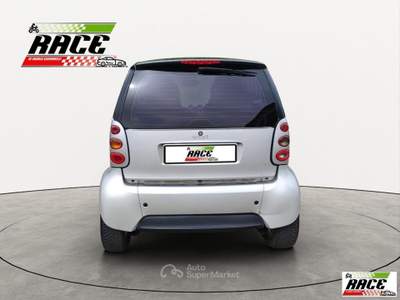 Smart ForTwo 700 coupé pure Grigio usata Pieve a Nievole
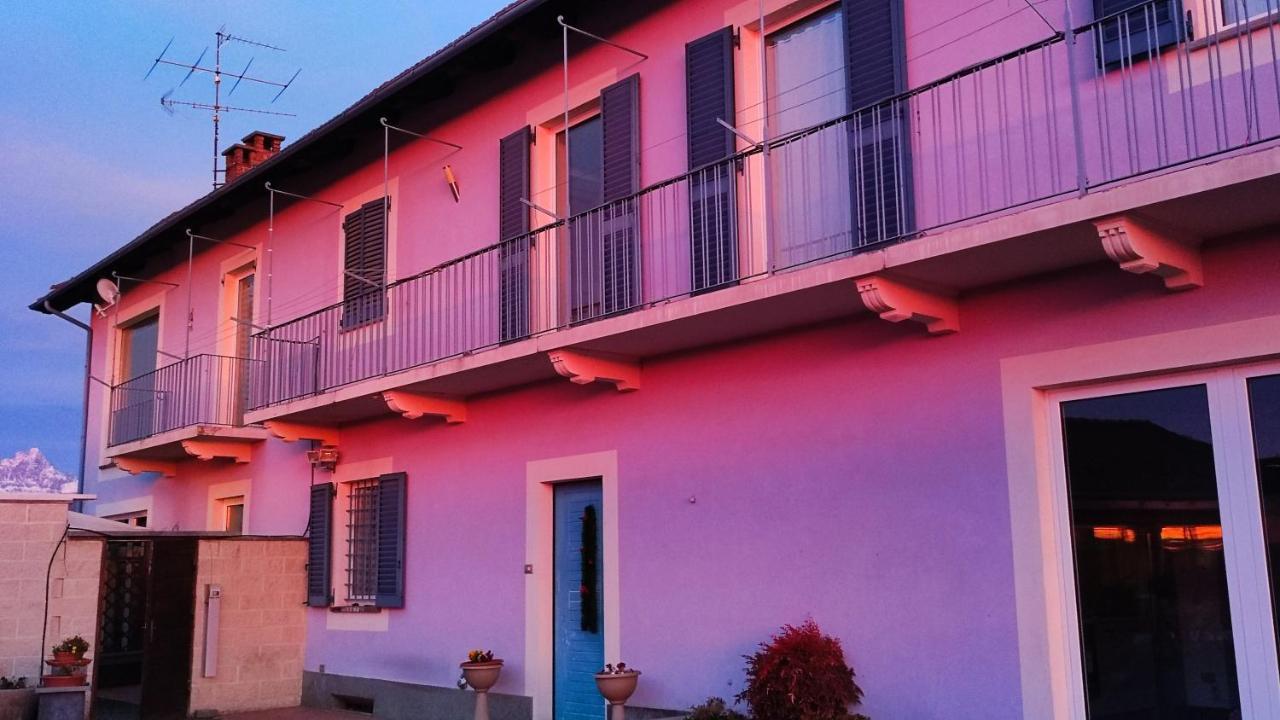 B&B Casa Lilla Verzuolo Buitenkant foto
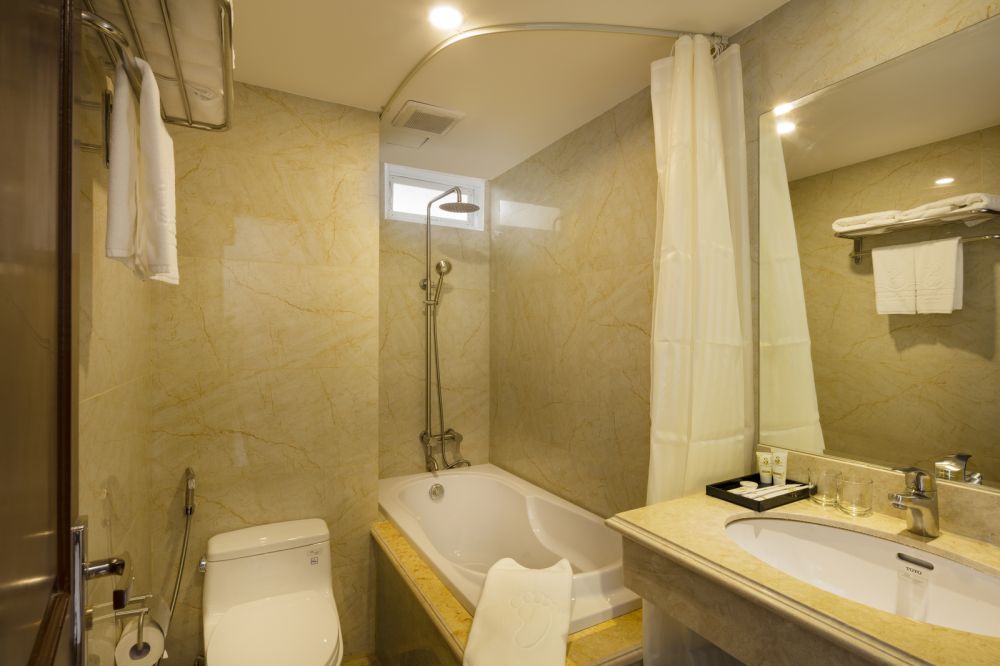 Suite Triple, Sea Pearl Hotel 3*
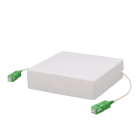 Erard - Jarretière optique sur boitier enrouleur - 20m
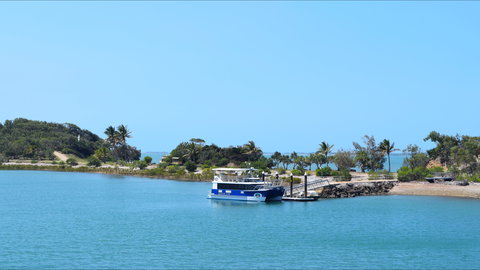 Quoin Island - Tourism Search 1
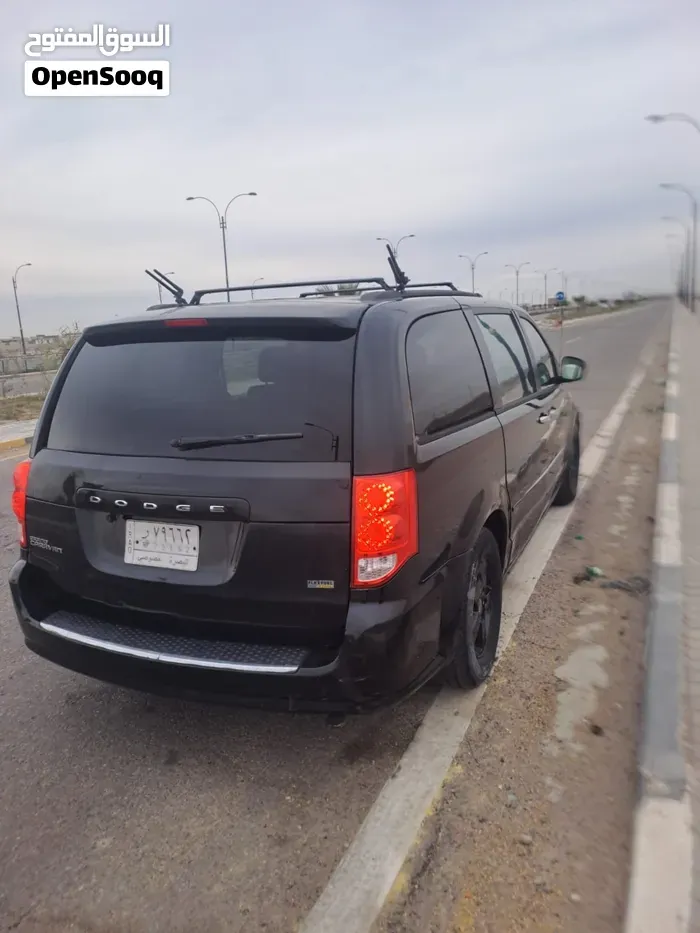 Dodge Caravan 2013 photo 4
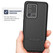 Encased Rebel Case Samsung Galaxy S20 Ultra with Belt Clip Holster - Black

○ ○ ○ ○ ○

Activity —
With the pictures left out, write out all of the data exactly.

Answer —
 Smart ForTwo 700 coupé pure Grigio usata Pieve a Nievole
 B&B Casa Lilla Verzuolo Buitenkant foto
 Suite Triple, Sea Pearl Hotel 3*
 Erard - Jarretière optique sur boitier enrouleur - 20m
 Quoin Island - Tourism Search 1
 Dodge Caravan 2013 photo 4
 Encased Rebel Case Samsung Galaxy S20 Ultra with Belt Clip Holster - Black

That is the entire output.